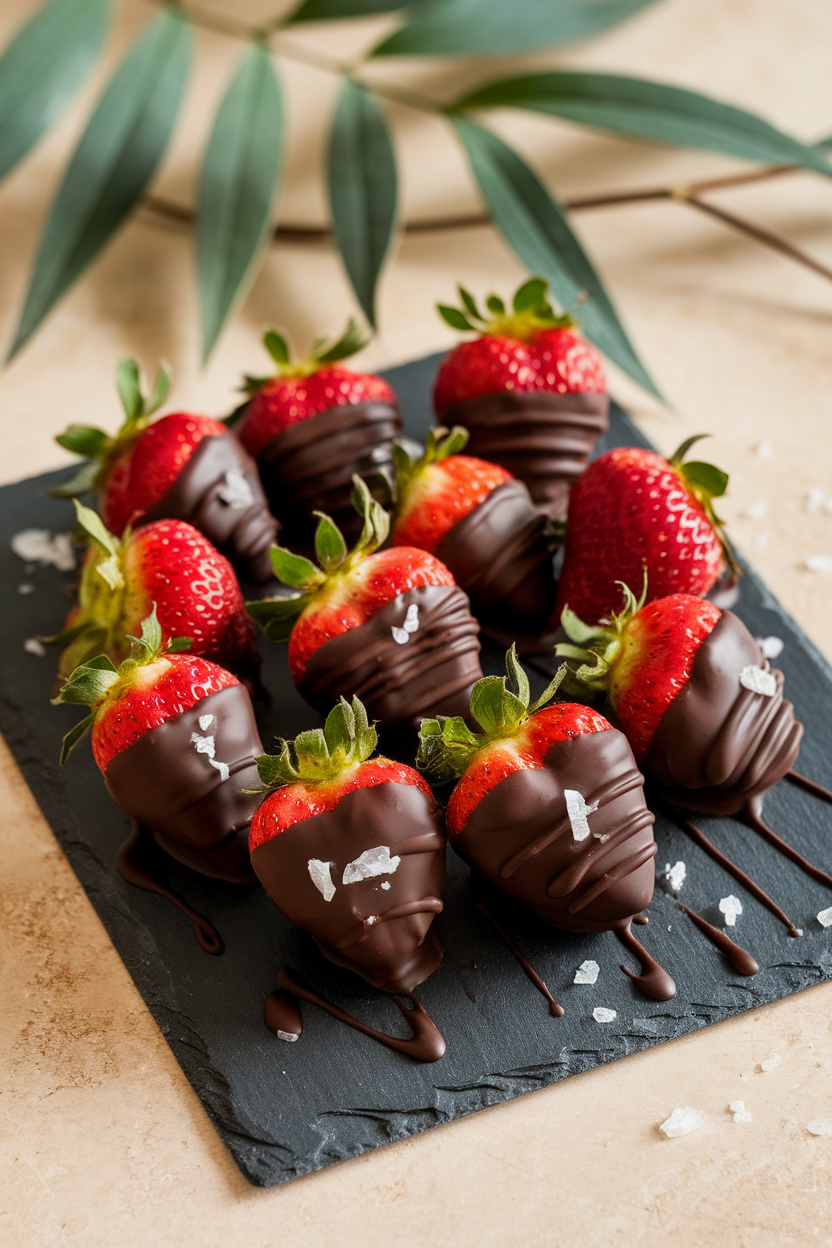 A slate tray indoors with ripe strawberries half-dipped in glossy dark chocolate and sprinkled with flaky salt. Photo, no text or logos.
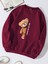 Unisex Oversize Bisiklet Yaka Basic Are You Ok Honey Baskılı Sweatshirt - Bordo 1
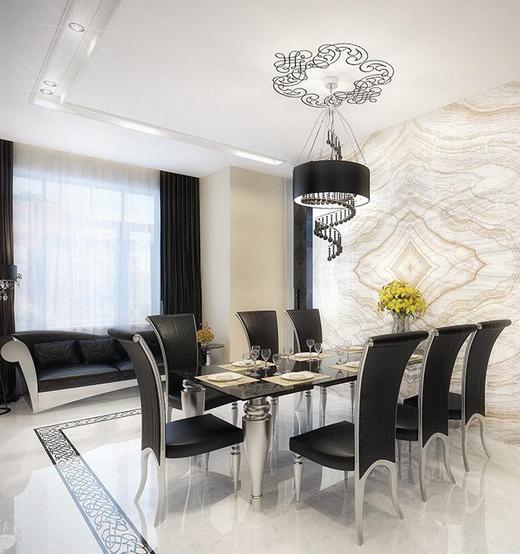 Luxuslakás lakberendezési látványtervei drámai fekete-fehér színpalettával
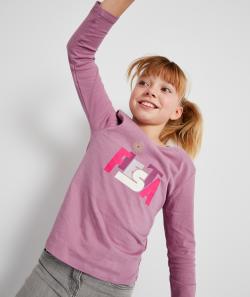 T-shirt fille en fibres recyclées violet avec message - 12 A
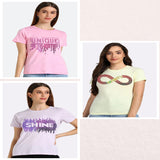 Women’s Cotton Sequin Motif T-Shirt Pack of 3 – Just ₹799 | MRP ₹3,099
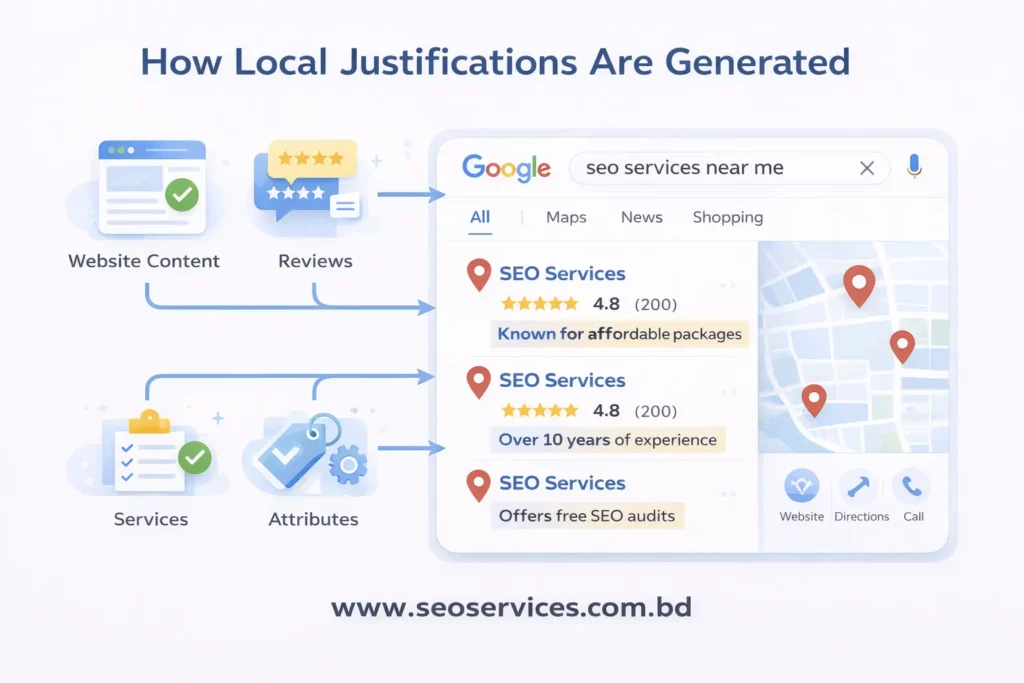 How website content and reviews generate local justifications in Google search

..........

Your copy should be the entries retyped exactly, with no images in it.

 A slate tray indoors with ripe strawberries half-dipped in glossy dark chocolate and sprinkled with flaky salt. Photo, no text or logos.
 Unisex Oversize Bisiklet Yaka Basic Are You Ok Honey Baskılı Sweatshirt - Bordo 1
 Luxuslakás lakberendezési látványtervei drámai fekete-fehér színpalettával
 T-shirt fille en fibres recyclées violet avec message - 12 A
 Women’s Cotton Sequin Motif T-Shirt Pack of 3 – Just ₹799 | MRP ₹3,099
 How website content and reviews generate local justifications in Google search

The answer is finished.